She has performed at major venues in the USA, such as Rutgers Zimmerli Arts Museum in New Brunswick, Dweck Center in Brooklyn, Saugerties ProMusica Series in New York, Avalon Theater in Easton, MD, Parish Hall in Wye Mills, MD, Ridotto series in Huntington, NY, Little Rock Chamber Music Society in Arkansas, Fortuna Music Club and Fort Bragg Arts Center in California, Izumi Hall in Osaka, the National Gallery of Victoria in Melbourne, among others.

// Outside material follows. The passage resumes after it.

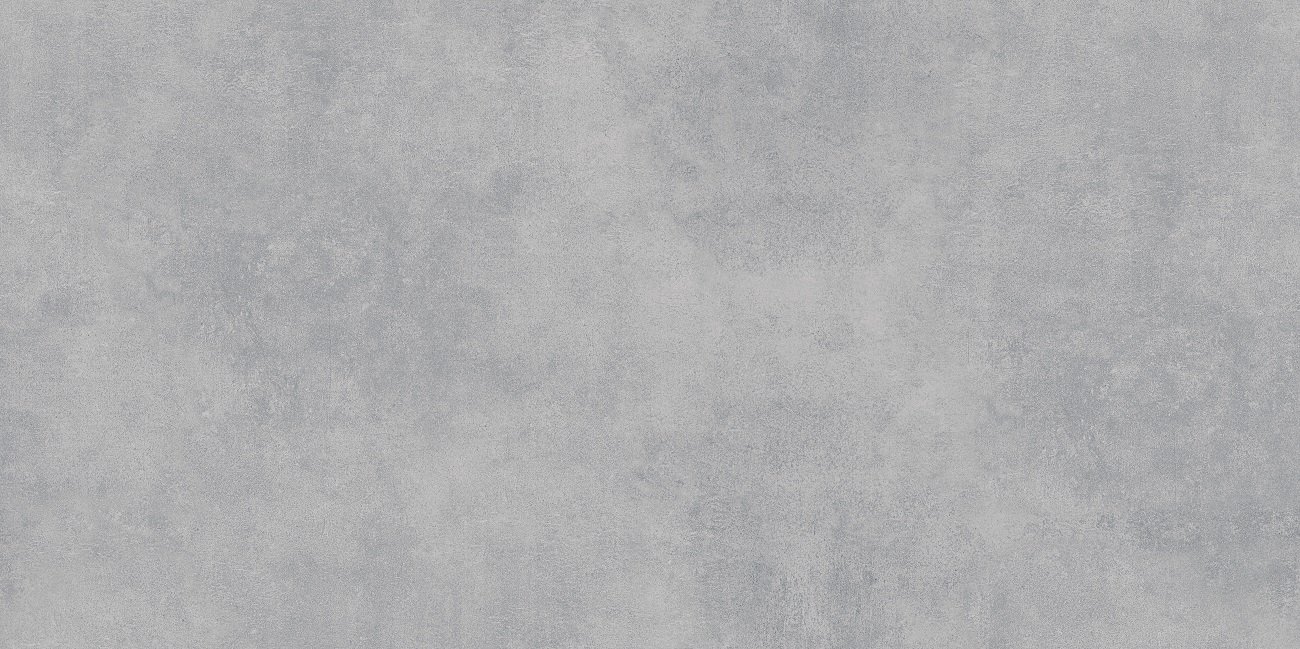 Millenium Dark Gray Matt 20mm 60х120 Ocean-Ceramic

Ani was one of two cellists accepted into the inaugural season of David Finckel and Wu Han’s Music@Menlo festival.  She has also taken part in Michael Tilson Thomas’ Carnegie Hall workshop in NY, Pablo Casals Prades festival in France, Mendelsohn on Mull in Scotland, Banff in Canada, Sarasota/FL, Apeldoorn/Holland, London Masterclasses, New York String Seminar, Holland Music Sessions and the RNCM International Cello Festival in England.  At Prussia Cove, she was featured in a BBC documentary playing in a masterclass with Steven Isserlis.   Ani completed her Masters degree with Distinction at the Royal Northern College of Music as a student of Ralph Kirshbaum.  Undergraduate studies were at Mannes College of Music as a student of Timothy Eddy.  Passionate about teaching, Ani currently serves on faculty at the Elisabeth Morrow and Horace Mann schools in NJ & NY.